Exercise requirements
Using the data beneath this instruction, retype only the lines from the one that contains "We had a local" down to the one that contains "A DI will take", both included, exactly as they appear.

Saved entries:
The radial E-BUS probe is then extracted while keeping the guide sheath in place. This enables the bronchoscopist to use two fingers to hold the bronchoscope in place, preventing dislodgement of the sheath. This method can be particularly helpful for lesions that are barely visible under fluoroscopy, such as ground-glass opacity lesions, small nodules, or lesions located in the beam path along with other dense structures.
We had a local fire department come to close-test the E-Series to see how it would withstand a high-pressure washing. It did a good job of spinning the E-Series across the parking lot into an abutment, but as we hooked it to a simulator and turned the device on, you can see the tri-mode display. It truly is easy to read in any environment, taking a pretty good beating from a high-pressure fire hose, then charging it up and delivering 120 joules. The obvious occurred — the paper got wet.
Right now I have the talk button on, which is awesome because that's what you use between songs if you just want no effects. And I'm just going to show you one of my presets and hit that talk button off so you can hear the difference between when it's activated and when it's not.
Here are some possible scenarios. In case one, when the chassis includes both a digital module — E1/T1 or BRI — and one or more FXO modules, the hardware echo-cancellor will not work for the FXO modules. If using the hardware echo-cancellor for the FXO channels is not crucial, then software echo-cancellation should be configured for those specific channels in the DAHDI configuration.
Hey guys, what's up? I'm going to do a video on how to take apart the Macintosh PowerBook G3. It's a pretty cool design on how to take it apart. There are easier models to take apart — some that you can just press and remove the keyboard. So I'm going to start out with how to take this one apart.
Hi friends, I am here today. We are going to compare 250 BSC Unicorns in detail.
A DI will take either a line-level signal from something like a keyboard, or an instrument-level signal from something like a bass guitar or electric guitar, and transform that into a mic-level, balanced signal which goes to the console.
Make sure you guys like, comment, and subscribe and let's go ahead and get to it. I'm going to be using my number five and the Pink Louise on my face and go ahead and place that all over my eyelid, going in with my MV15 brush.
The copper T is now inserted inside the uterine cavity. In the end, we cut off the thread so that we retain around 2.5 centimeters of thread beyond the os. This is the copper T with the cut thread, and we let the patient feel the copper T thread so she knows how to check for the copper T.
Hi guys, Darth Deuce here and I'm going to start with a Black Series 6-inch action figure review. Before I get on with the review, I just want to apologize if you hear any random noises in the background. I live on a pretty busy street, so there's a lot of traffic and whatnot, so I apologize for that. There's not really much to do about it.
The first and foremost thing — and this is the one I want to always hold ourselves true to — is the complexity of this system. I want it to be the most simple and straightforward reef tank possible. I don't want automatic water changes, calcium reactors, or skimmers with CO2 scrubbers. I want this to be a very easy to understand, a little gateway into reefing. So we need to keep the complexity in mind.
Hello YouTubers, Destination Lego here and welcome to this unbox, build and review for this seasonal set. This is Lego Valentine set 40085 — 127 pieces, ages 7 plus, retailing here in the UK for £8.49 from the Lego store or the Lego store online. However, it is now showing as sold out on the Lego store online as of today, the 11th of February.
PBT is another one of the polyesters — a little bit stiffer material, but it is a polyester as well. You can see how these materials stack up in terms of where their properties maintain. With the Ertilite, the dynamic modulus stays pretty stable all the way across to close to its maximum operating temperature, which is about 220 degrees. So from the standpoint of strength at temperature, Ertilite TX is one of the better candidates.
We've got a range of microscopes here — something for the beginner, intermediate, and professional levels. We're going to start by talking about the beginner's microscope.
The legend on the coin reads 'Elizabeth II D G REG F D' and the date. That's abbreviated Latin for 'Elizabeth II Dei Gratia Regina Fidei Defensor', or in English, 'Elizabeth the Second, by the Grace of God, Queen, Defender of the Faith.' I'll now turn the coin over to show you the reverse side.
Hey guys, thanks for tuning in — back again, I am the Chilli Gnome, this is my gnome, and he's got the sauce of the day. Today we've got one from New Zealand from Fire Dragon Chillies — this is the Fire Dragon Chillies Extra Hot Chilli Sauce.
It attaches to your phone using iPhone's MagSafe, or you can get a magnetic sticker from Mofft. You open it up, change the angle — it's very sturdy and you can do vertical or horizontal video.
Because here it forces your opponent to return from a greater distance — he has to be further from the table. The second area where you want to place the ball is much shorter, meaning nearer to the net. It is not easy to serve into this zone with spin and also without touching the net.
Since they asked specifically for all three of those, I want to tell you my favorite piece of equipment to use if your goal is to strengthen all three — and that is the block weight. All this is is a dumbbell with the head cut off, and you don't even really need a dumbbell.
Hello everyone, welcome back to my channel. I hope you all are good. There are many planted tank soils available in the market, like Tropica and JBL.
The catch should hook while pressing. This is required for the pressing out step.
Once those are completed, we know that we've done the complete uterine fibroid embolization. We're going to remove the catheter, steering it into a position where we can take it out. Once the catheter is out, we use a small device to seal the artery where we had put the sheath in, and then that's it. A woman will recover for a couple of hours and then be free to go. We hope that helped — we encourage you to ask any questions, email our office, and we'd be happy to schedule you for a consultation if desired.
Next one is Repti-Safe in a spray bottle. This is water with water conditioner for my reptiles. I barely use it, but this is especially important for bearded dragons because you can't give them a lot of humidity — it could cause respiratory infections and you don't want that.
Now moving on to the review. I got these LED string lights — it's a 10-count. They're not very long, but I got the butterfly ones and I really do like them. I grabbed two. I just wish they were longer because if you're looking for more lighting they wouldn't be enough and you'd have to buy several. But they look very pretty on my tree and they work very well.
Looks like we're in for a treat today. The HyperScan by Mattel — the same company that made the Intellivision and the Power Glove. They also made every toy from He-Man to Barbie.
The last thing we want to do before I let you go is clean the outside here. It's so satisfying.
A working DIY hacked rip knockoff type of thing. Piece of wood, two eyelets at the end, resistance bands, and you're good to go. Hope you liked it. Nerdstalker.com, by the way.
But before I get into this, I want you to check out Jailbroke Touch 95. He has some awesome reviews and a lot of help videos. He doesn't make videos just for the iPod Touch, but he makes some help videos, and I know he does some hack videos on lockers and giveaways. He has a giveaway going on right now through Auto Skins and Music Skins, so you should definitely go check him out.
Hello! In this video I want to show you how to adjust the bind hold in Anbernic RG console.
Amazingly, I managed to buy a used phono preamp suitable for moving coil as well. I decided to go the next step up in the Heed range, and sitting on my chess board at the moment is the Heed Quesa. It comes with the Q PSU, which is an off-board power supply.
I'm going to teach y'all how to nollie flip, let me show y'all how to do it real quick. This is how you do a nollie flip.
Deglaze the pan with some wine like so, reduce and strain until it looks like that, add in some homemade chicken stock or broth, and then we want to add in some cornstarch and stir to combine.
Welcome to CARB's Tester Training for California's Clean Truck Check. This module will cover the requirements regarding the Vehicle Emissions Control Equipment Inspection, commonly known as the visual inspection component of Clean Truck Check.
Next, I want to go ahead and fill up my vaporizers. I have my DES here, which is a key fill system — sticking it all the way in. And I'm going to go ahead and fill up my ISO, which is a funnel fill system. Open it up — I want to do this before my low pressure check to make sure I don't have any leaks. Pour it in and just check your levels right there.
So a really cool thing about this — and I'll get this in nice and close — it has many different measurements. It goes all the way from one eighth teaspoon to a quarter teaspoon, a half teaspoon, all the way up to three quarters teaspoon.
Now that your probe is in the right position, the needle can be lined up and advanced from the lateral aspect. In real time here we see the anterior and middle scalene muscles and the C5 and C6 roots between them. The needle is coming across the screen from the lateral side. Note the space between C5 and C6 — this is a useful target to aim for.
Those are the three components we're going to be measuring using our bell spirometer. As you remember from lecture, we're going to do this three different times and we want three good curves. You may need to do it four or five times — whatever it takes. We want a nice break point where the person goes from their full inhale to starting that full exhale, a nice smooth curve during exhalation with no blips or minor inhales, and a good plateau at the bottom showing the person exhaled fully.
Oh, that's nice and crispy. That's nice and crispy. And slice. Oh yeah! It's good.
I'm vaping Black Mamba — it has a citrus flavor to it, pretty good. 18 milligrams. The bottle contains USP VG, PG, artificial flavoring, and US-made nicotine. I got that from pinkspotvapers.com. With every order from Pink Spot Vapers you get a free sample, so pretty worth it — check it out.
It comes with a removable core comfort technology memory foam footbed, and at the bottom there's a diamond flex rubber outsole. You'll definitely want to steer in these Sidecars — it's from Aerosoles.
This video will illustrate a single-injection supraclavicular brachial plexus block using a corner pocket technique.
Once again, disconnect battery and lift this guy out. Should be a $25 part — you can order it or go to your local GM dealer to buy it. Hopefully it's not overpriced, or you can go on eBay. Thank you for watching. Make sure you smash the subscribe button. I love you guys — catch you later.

Response
We had a local fire department come to close-test the E-Series to see how it would withstand a high-pressure washing. It did a good job of spinning the E-Series across the parking lot into an abutment, but as we hooked it to a simulator and turned the device on, you can see the tri-mode display. It truly is easy to read in any environment, taking a pretty good beating from a high-pressure fire hose, then charging it up and delivering 120 joules. The obvious occurred — the paper got wet.
Right now I have the talk button on, which is awesome because that's what you use between songs if you just want no effects. And I'm just going to show you one of my presets and hit that talk button off so you can hear the difference between when it's activated and when it's not.
Here are some possible scenarios. In case one, when the chassis includes both a digital module — E1/T1 or BRI — and one or more FXO modules, the hardware echo-cancellor will not work for the FXO modules. If using the hardware echo-cancellor for the FXO channels is not crucial, then software echo-cancellation should be configured for those specific channels in the DAHDI configuration.
Hey guys, what's up? I'm going to do a video on how to take apart the Macintosh PowerBook G3. It's a pretty cool design on how to take it apart. There are easier models to take apart — some that you can just press and remove the keyboard. So I'm going to start out with how to take this one apart.
Hi friends, I am here today. We are going to compare 250 BSC Unicorns in detail.
A DI will take either a line-level signal from something like a keyboard, or an instrument-level signal from something like a bass guitar or electric guitar, and transform that into a mic-level, balanced signal which goes to the console.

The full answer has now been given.